OPINION:
The U.N. General Assembly’s 68th session will open its annual “general debate” in New York on Tuesday, with leadoff speakers including President Obama and Iranian President Hasan Rouhani. There is every prospect that Mr. Obama and Mr. Rouhani will exchange the handshake Mr. Obama has longed for ever since his 2009 inaugural address.
For some, that handshake alone justifies the U.N.’s existence, as though the financial costs the United States bear (assessed contributions of 22 percent of most U.N. agency budgets), relentless political attacks against us and close friends such as Israel, assaults on free expression under the guise of religious tolerance, endless treaty negotiations where the hidden agenda is constraining America’s flexibility and influence, and countless other intrusions on issues properly decided by our own constitutional system were of little consequence.
Indeed, those enraptured by an Obama-Rouhani encounter don’t really need evidence of U.N. effectiveness, and they couldn’t care less about its costs to America. For decades, their support has been faith-based, almost religious in nature, and unquestioning.
In actual operation, however, the U.N. provides harsh lessons in reality, even for its altar boys and girls. Hovering above the General Assembly will be the U.N. Security Council’s failure to address, for nearly two years, the international conflict being fought out through the mechanism of Syria’s civil war.
The Security Council has done precious little about this struggle, which has produced mounting civilian casualties, massive flows of refugees and internally displaced persons, and incalculable destruction of property and productive enterprise. Three times, Russia and China have used their veto power to block enhanced sanctions against Syrian President Bashar Assad’s regime or any other significant step to resolve the conflict. Even the fanciful agreement to have Syria surrender all its chemical weapons for destruction was negotiated outside the council; within its limited responsibility for implementing the agreement, dissension is already well entrenched.
Whatever one thinks U.S. Syria policy should be (aid the opposition or stay away, strike the Assad regime for its use of chemical weapons or not), there is no dispute that the Security Council has essentially been a bystander. There is a reason for this outcome. The council has always been merely a reflection of the larger world. U.N. members’ conflicting interests do not change simply because the clash among them is taking place in Turtle Bay.
The U.N. cannot (and should not) act meaningfully without direction and control by its members. If it could act separately from its members, it would mean we had ceded a considerable portion of our sovereignty, something only a trivial fraction of Americans is prepared to do. Here is where U.N. acolytes hit the wall of reality, and rarely has it been harder than for the Obama administration.
Now, however, because faith is strong, U.N. supporters are predictably arguing that the problem lies not with the U.N. itself, but with the Security Council’s outdated composition. Change the council, they argue, and all will be solved. If the administration pursues this path, much of its second-term foreign policy will be frittered away chasing an unattainable objective.
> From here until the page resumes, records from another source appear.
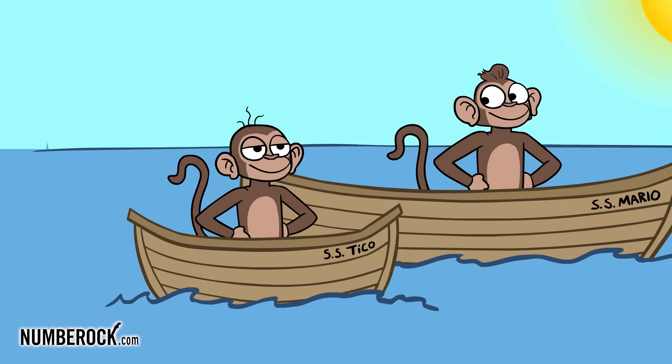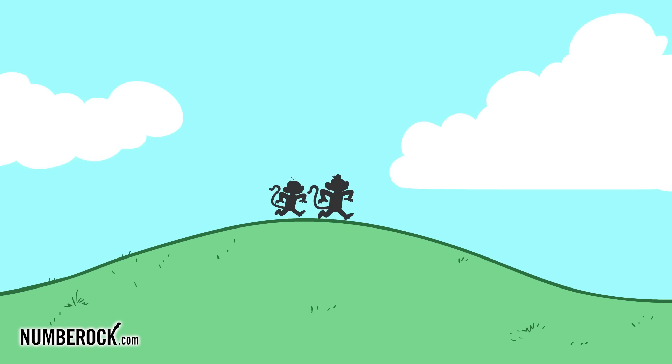Who has got the shorter boat? We go hey-o! Tico, Tico's got the shorter boat, Tico's got the shorter boat.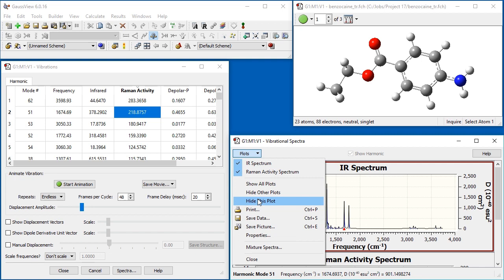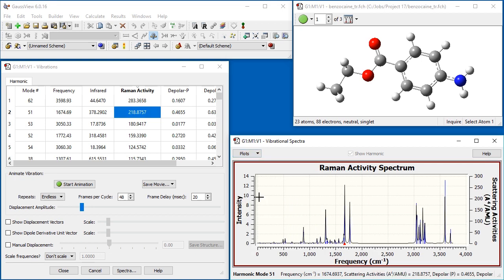we close the selected plot, which is the IR spectrum, using Hide this plot in the second section of the menu. Here is the Raman spectrum for our Benzocaine molecule.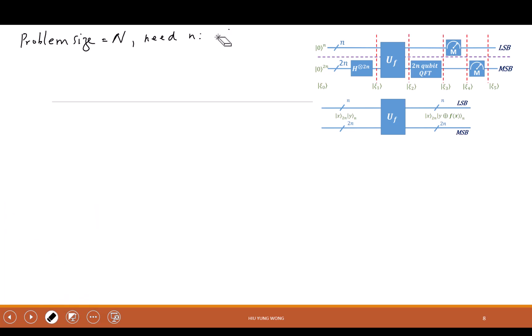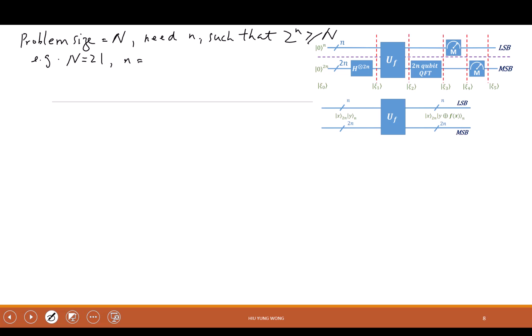We need n such that 2 to the power n is larger than or equal to capital N. For example, if N equals 21, the minimum n is 5, because 2 to the power 5 equals 32, which is larger than N. If you use 4, you only have 16 — not enough, since the period can be larger than 16. You can make it 6, but that's a waste of resources. That is the meaning of small n.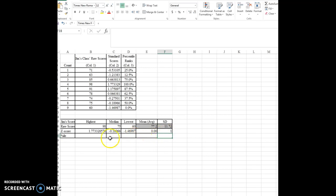You can do the same thing for the percentiles — I'll leave that up to you. Good luck.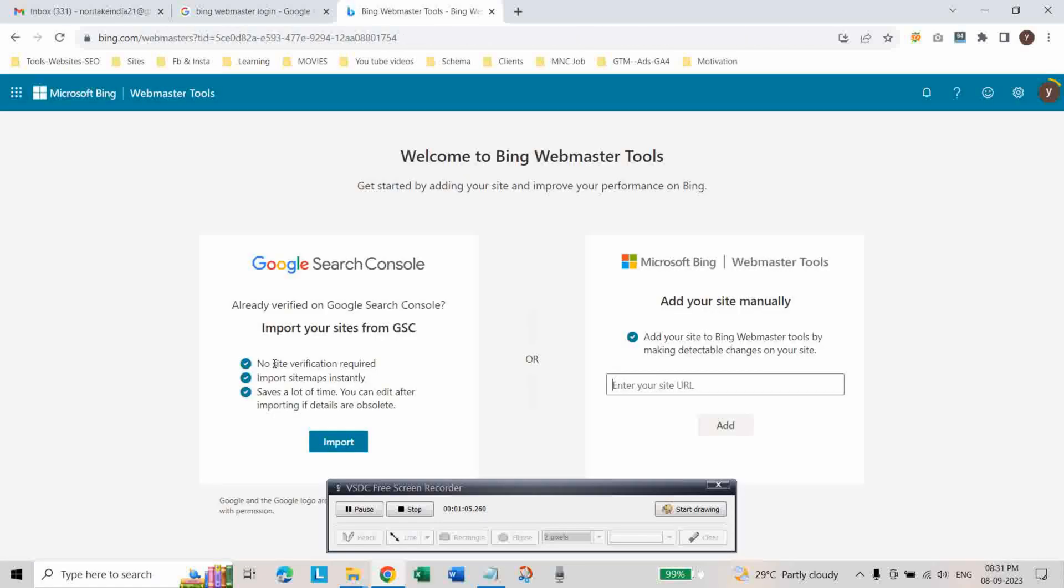We are importing data from Google search console. To do this, you should have the same email ID from which you have created the Google search console account. Then only you can import data from Google search console.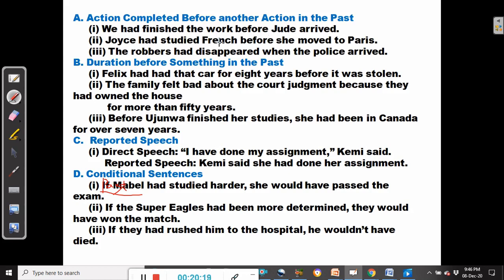Joyce had studied French before she moved to Paris — she had studied French first, then she moved. The robbers had disappeared when the police arrived — the robbers' disappearance is reported with the past perfect because it happened first.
That would at least lessen the chances for doing damage on policy issues actually important to the United States.
The Security Council’s membership, however, will not change. Of the five existing permanent members, Britain and France linger on despite the pleas of many European Union members to replace them with the EU itself as “Europe’s” permanent seat. No change is coming there. Russia justifies its permanent membership only by its status as having the world’s largest arsenal of nuclear weapons.
I once said that by any objective standard, justification existed for only one permanent member; namely, the United States. The U.N.’s Greek chorus was greatly displeased, but William F. Buckley paid me a high compliment, saying, “You violate the same rule we learned as children that I do: no jokes in church.” China, however, now clearly deserves a permanent seat, so I amend my prior estimate accordingly.
Even more problematic is the substantial number of other countries thinking they deserve permanent membership: Japan, India, Pakistan, Germany, Italy, Egypt, Nigeria, South Africa, Brazil, Mexico and more. There are proposals for “regional” permanent seats (e.g., one for Latin America) rotating among the regional states. The permutations are endless, but all involve expanding the council beyond its current 15 members (originally just 11 in 1945). The larger the council, and the more permanent members, the less effective it will be.
Active debate about Security Council expansion has been underway for decades. No progress has been made, and none is likely as far as the eye can see, given the clash of ambitions just described. That brings us back to fundamentals: There is no such thing as the United Nations. It is simply a collection of nations pursuing their respective interests, from time to time led by the United States.
John R. Bolton, a former U.S. ambassador to the United Nations, is a senior fellow at the American Enterprise Institute.